5 | Make a scatterplot of bill_depth_mm vs. bill_length_mm and color the points by species. What does adding coloring by species reveal about the relationship between these two variables? What about faceting by species?
penguins|>
  ggplot(aes(bill_depth_mm, bill_length_mm))+
  geom_point(aes(color=species))

penguins|>
  ggplot(aes(bill_depth_mm, bill_length_mm))+
  geom_point(aes(color=species))+
  facet_wrap(~species)

It seems that Adelie penguins have a shorter bill length on average than the other two species of penguin. It also seems that bill depth is lowest in Gentoo penguins. In all penguin species, the depth of the bill increases as the length of the bill increases.

6 | Why does the following yield two separate legends? How would you fix it to combine the two legends?
ggplot(
  data = penguins,
  mapping = aes(
    x = bill_length_mm, y = bill_depth_mm
  )
) +
  geom_point(aes(color = species, shape = species))+
  labs(color="Species", shape="Species")

All you have to do is ensure that you specify each with the same label within the labs() function.

7 | Create the two following stacked bar plots. Which question can you answer with the first one? Which question can you answer with the second one?
ggplot(penguins, aes(x = island, fill = species)) +
  geom_bar(position = "fill")

ggplot(penguins, aes(x = species, fill = island)) +
  geom_bar(position = "fill")

1.6 Saving your plots

You can save your plots using ggsave()!

ggplot(penguins, aes(x = flipper_length_mm, y = body_mass_g)) +
  geom_point()

ggsave(filename = "penguin-plot.png")
## Saving 7 x 5 in image

If you don’t specify the width and height they will be taken from the dimensions of the current plotting device. For reproducible code, you’ll want to specify them. You can learn more about ggsave() in the documentation.

Generally, however, we recommend that you assemble your final reports using Quarto, a reproducible authoring system that allows you to interleave your code and your prose and automatically include your plots in your write-ups. You will learn more about Quarto in Chapter 28.

1.6 Exercises

1 | Run the following lines of code. Which of the two plots is saved as mpg-plot.png? Why?
ggplot(mpg, aes(x = class)) +
  geom_bar()

ggplot(mpg, aes(x = cty, y = hwy)) +
  geom_point()

ggsave("mpg-plot.png")
## Saving 7 x 5 in image

The second plot is the only one being saved in this code. It is because ggsave() will work on the most recent plot that you have in the line of code above.

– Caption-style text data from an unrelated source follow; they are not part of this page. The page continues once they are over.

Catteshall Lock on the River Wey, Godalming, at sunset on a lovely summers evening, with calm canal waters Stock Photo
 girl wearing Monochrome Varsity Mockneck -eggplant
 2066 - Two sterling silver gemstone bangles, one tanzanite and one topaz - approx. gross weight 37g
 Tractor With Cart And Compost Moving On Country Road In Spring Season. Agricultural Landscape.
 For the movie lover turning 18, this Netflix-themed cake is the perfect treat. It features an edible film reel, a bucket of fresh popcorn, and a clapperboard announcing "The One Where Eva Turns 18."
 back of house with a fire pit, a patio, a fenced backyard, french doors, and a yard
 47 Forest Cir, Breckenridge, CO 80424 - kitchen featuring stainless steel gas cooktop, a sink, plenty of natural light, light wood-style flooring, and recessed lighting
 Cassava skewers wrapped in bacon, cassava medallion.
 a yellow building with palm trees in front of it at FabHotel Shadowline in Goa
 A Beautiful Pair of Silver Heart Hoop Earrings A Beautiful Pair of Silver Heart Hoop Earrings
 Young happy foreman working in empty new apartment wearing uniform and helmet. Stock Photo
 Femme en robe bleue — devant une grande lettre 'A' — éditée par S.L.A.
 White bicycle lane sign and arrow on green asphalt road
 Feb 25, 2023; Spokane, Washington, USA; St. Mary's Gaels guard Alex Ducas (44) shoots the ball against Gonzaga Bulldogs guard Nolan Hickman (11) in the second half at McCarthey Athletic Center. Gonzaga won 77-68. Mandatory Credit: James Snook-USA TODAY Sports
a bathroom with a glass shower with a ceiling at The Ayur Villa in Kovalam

2 | What do you need to change in the code above to save the plot as a PDF instead of a PNG? How could you find out what types of image files would work in ggsave()?
ggsave("mpg-plot.pdf")
## Saving 7 x 5 in image

1.7 Common problems

If you’re still stuck, try the help. You can get help about any R function by running ?function_name in the console, or highlighting the function name and pressing F1 in RStudio. Don’t worry if the help doesn’t seem that helpful - instead skip down to the examples and look for code that matches what you’re trying to do.